= Charles Gaspard Élisabeth Joseph de Bailly =

Charles Gaspard Élisabeth Joseph de Bailly, marquis de Bailly (/fr/; 6 January 1765, Le Bourgneuf-la-Forêt, Mayenne - 14 January 1850, Le Bourgneuf-la-Forêt) was a French army officer.

==Life==
He was the son of Jean-Baptiste Joseph de Bailly (1732-1811), deputy to the estates general of 1789, and of Edmée or Aimée Anne Charlotte Lescalopier, the daughter of Gaspard César Charles Lescalopier, the intendant général of Tours.

He entered the army as sub-lieutenant in the King's Infantry Regiment (régiment d'infanterie du roi) in 1780 and on 28 August 1790 found himself caught up in the Nancy affair (he was one of the 16 officers to defend General Malseigne against the mutineers), in which he was wounded. He joined the émigré party and commanded the Salm-Kirburg hussar regiment in the Army of Condé and served alongside Charles François de Virot de Sombreuil, who promoted him to command the 2nd Division of the force sent to land at Quiberon.
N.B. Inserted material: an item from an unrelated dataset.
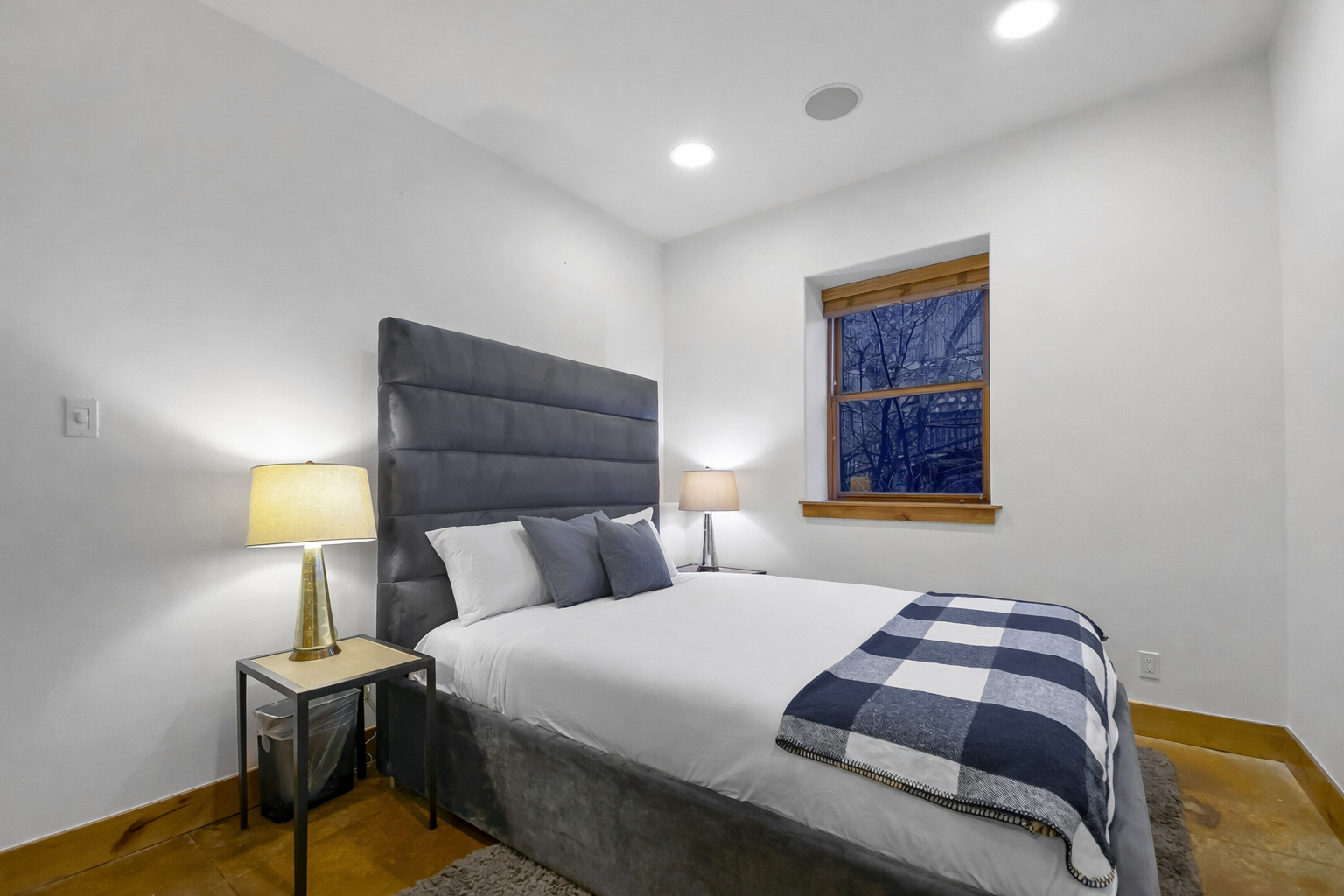 Retreat to this cozy bedroom featuring a plush bed with a stylish blue headboard and warm knotty pine doors. A tranquil space for a restful stay.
He planned to marry Anne-Marie d'Allonville, daughter of Armand Jean d'Allonville, but this did not take place. In 1800, at Altona, he married Mademoiselle de Pardaillan, another émigré. They then went to Portugal together, where he became a field officer with the rank of brigadier. He stayed there until his father's death in 1811, which made him return to France.

He refused all Napoleon I's offers of a job in his army, he became the king's most devoted and trusted servant on the Bourbon Restoration, as president of the Conseil général de la Mayenne, maréchal de camp (from 18 April 1816) and inspector of the department's national guards (Gardes nationales), and as deputy in 1815 and 1824. In 1824 his name was put forward for the presidency.

A fervent royalist, he was elected to the Chambre introuvable by the college of the Mayenne department on 22 August 1815 - he was part of the majority party in it. Later, re-elected in the 6 March 1824 legislative elections, he continued to support the government - even so, he supported the proposal of Jan Kowitz.

On 5 November 1827 he was on the list of 76 new peers intended "to break the national majority in the upper chamber".

His unselfishness always put him at a distance from the court and even made him refuse the 19,000 franc pension he was entitled to as a peer of France. Not even the king could get Bailly's inflexible conscience to bend to policy and ended by telling him "My friend, you are right".

His public career ended in 1830, but he stayed active for 20 years more in his services to agriculture and philanthropy. He became a commander of the order of Saint Louis on 23 May 1825 and died at the château de Fresnay in Mayenne on 14 January 1850. All parties paid tribute to his character and convictions.